View Full Version : &id - now it's official it's worth noting that the ampersand is important
The new Google Webmaster Guidelines make it official - &id= as a parameter in an URL is bad.
http://www.google.com/webmasters/guidelines.html
I didn't find the bullet point very helpful:
Don't use "&id=" as a parameter in your URLs, as we don't include these pages in our index.
Did they really mean &id= or was it id=. For example, would ?id= be safe to use.
The goal here is to reduce session IDs being included in the search results. Sessions are normally appended to the end of the URL. So the logic might be to allow ?id= but not &id=.
We can't search for question marks in inurl: searches in Google. The search inurl:".asp?id=" (http://www.google.com/search?q=inurl:%22.asp%3Fid%3D%22) returns 16,400,000 results.
I take that as proof. It really is the case that &id= is bad whereas ?id= is acceptable. That's an easy fix if you just happen to be using id as a hard coded parameter in your site, you may find it easier to change the order of the query string elements than anything else.
Its the id that causes the damage but as always try and not use either/or &id.
robwatts
06-06-2005, 02:44 PM
Whatever you do make sure you dont replace those id's with ego's...:p
I, Brian
06-06-2005, 06:29 PM
I'm curious as to why Google views "&ID" so heinously - do I presume that such URLs potentially mess with the docID storage of data?
Its the id that causes the damage but as always try and not use either/or &id.
That's just it. It's not id which causes the damage. It's precisely and explicitly &id which will cause the trouble.
I'm curious as to why Google views "&ID" so heinously - do I presume that such URLs potentially mess with the docID storage of data?
Google's a stat monster. The statistical evidence really must lean heavily towards the situation where &id in the query string signifies the presence of a session variable.
The variable docID is fine if it's not being used to hold a session value.
semanticist
06-09-2005, 10:58 AM
Nice find, Wail.
This is a logical move for G, but I have a feeling a lot of dolphins will get caught in this tuna net.
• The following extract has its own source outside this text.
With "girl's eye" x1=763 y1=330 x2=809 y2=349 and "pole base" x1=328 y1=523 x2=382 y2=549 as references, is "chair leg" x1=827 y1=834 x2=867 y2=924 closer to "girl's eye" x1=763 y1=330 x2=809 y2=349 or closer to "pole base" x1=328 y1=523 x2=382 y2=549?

Plenty of other IDs (products, etc.) use id=, and plenty of session IDs use arguments named things other than id=, such as sid=, etc.
That's just it. It's not id which causes the damage. It's precisely and explicitly &id which will cause the trouble.
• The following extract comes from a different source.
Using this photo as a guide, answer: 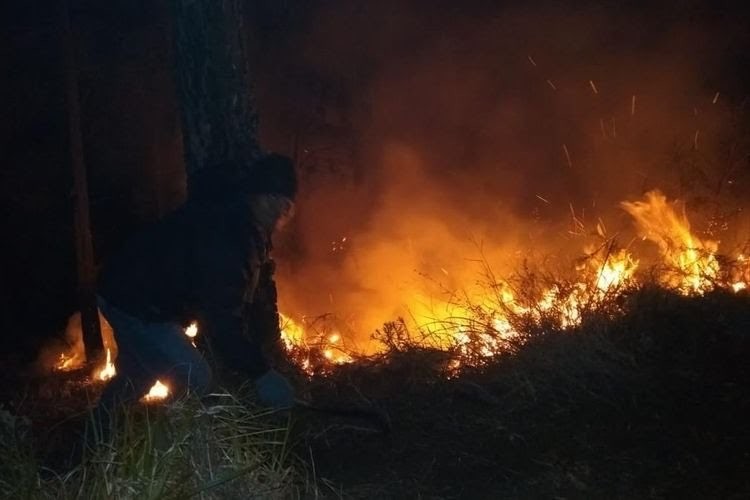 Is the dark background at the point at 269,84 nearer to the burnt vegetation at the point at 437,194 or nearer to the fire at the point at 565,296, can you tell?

Are you sure? That seems counter-intuitive (yes, I know they put & in the example, but...). If id= were the only variable in a dynamic URL (as per your example in your first post), then it would say ?id=, yet it would still be a session ID. And this would be acceptable? Could they have put the & in the example just to further show they were talking about specific arguments, but not have been focusing so much on the ampersand itself?
I like the dolphin and tuna analogy!
I'm sure as I can be. I can find lots of ?id= URLs in Google still but can't find any &id=. I included a search sample in my first post.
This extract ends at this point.